*** Stored data ***
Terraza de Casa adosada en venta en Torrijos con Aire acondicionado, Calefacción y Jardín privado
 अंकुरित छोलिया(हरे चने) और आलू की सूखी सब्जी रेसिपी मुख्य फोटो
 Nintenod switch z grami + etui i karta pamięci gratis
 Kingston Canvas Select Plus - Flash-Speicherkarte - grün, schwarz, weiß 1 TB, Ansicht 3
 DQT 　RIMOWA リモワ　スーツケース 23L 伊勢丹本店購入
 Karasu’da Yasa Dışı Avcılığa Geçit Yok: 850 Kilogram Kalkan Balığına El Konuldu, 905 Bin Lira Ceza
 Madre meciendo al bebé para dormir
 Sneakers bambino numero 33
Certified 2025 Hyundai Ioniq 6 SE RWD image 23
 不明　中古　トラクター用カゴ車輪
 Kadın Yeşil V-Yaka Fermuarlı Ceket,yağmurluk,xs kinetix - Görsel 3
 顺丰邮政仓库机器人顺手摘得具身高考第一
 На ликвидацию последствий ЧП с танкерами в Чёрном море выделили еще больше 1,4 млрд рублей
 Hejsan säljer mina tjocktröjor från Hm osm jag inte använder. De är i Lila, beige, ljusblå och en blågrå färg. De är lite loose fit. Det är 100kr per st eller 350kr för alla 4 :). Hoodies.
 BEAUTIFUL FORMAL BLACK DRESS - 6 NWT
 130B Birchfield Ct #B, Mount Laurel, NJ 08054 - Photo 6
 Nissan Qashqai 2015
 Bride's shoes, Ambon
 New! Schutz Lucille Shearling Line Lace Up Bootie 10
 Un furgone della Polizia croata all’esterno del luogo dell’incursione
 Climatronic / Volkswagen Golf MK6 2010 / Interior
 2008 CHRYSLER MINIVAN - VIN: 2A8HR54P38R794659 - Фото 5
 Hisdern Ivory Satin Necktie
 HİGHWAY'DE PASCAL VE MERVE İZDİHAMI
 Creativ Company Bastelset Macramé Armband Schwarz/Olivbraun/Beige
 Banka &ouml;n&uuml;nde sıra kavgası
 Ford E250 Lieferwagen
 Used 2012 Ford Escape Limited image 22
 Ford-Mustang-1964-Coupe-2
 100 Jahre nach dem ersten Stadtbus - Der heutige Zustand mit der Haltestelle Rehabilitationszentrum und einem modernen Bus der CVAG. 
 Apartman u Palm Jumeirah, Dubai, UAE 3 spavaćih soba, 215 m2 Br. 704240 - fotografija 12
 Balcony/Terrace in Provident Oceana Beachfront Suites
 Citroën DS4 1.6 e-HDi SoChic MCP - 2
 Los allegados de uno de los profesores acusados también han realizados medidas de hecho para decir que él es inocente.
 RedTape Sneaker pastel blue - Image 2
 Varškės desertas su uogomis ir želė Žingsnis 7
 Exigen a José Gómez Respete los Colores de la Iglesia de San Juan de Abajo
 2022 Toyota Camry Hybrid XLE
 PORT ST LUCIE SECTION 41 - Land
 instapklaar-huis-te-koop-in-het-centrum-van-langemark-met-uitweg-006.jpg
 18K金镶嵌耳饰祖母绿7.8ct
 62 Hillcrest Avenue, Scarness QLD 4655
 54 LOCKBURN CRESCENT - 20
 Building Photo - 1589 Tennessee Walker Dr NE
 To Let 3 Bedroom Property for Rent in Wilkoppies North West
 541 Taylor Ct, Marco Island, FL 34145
***
Reproduce the records above line by line, without any change, up to and including the line that holds "DQT 　RIMOWA リモワ　スーツケース 23L 伊勢丹本店購入".

**Reply to the exercise:**
Terraza de Casa adosada en venta en Torrijos con Aire acondicionado, Calefacción y Jardín privado
 अंकुरित छोलिया(हरे चने) और आलू की सूखी सब्जी रेसिपी मुख्य फोटो
 Nintenod switch z grami + etui i karta pamięci gratis
 Kingston Canvas Select Plus - Flash-Speicherkarte - grün, schwarz, weiß 1 TB, Ansicht 3
 DQT 　RIMOWA リモワ　スーツケース 23L 伊勢丹本店購入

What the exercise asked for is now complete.